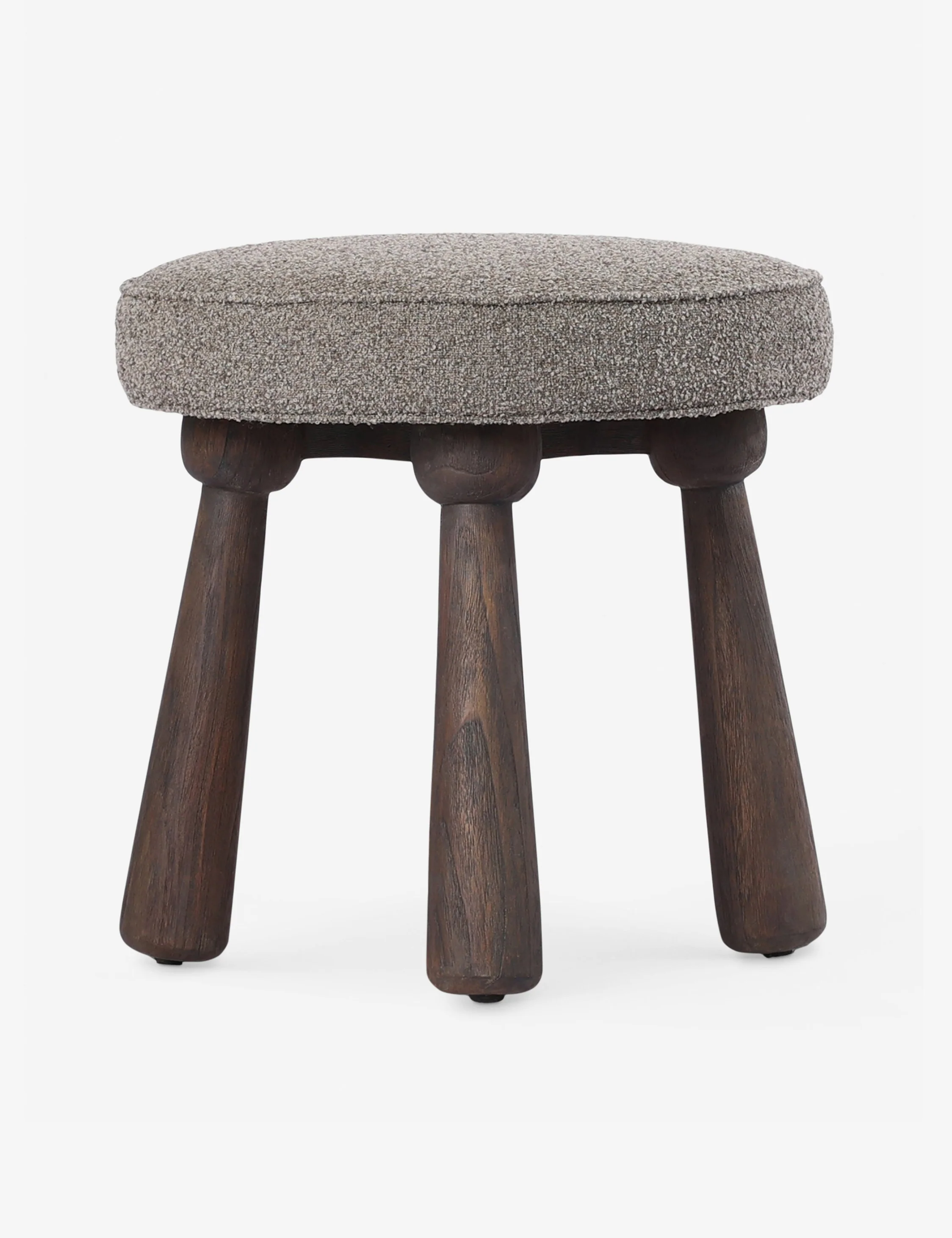 Halen Indoor / Outdoor Stool by Amber Lewis x Four Hands - Image 4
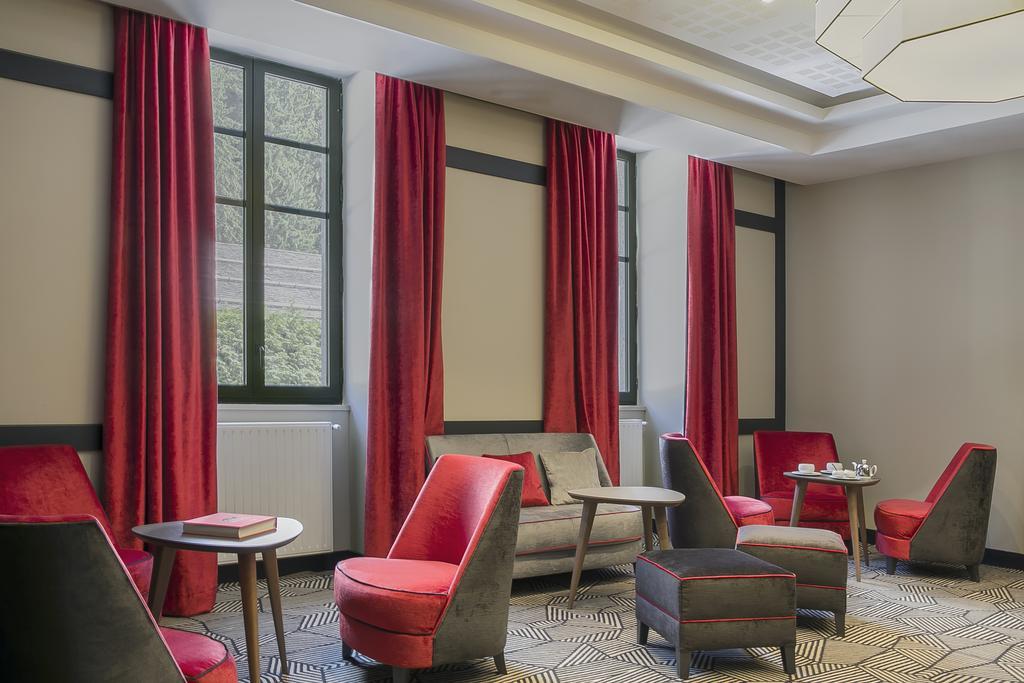 Excelsior Chamonix Hotel & Spa Dış mekan fotoğraf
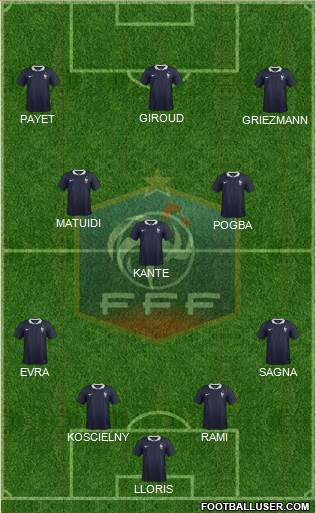 France Formation 2016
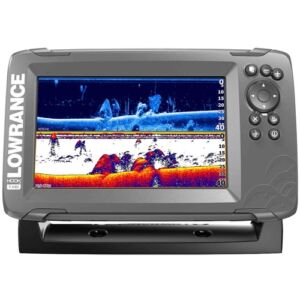 Эхолот Lowrance HOOK REVEAL 7 83/200 HDI ROW Встроенный CHIRP, Широкополосный, DownScan Glbldrv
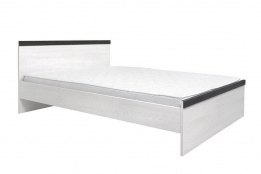 Кровать двуспальная ПОРТО, Джанни Сосна Ларико, БРВ Брест (Беларусь)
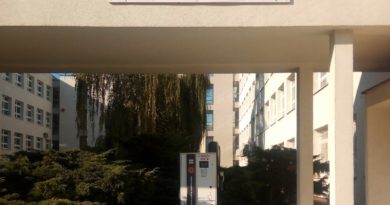 BYDGOSZCZ prze do przodu: jest nowy punkt ładowania Chademo na UTP, jest też elektryczna śmieciarka! BYDGOSZCZ prze do przodu: jest nowy punkt ładowania Chademo na UTP, jest też elektryczna śmieciarka!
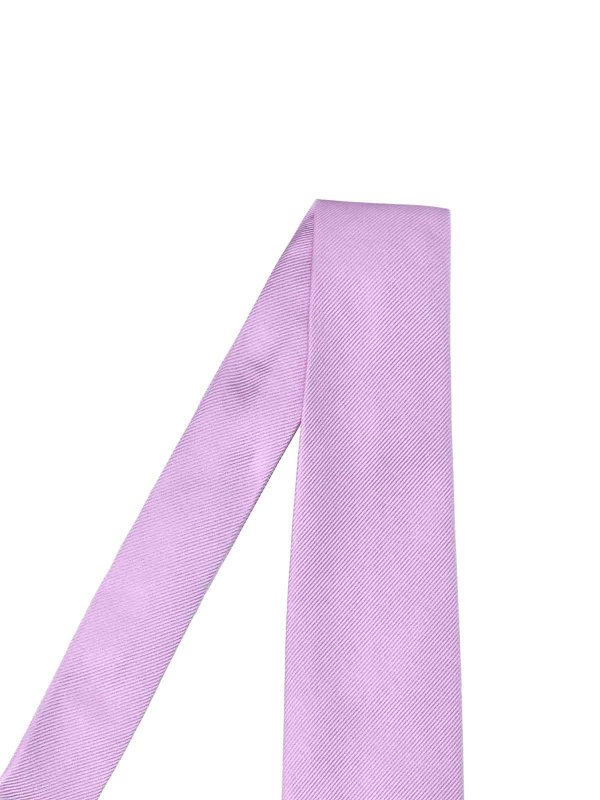 TOM FORD: Cravates & noeuds papillon online - Cravate - Violet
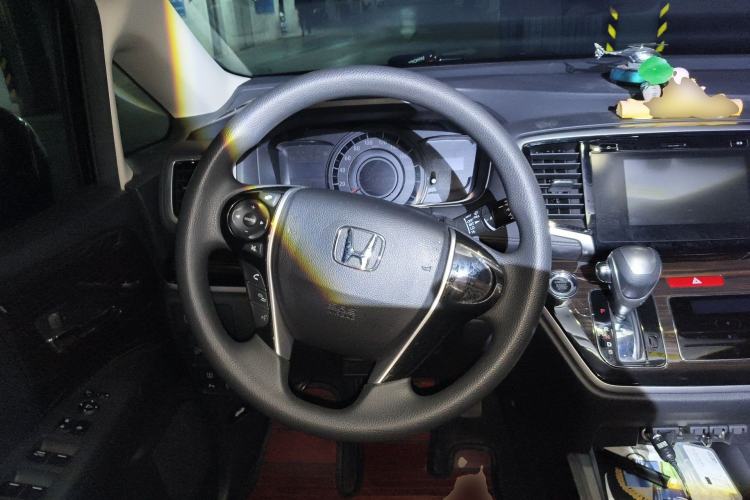 Used Honda Odyssey 2018 2.4L Luxury Edition Steering Wheel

**Task brief**
Leaving the pictures out, set down exactly the lines from the one with "Кровать двуспальная ПОРТО, Джанни" through the end of the records.

**Response to the task**
 Кровать двуспальная ПОРТО, Джанни Сосна Ларико, БРВ Брест (Беларусь)
 BYDGOSZCZ prze do przodu: jest nowy punkt ładowania Chademo na UTP, jest też elektryczna śmieciarka! BYDGOSZCZ prze do przodu: jest nowy punkt ładowania Chademo na UTP, jest też elektryczna śmieciarka!
 TOM FORD: Cravates & noeuds papillon online - Cravate - Violet
 Used Honda Odyssey 2018 2.4L Luxury Edition Steering Wheel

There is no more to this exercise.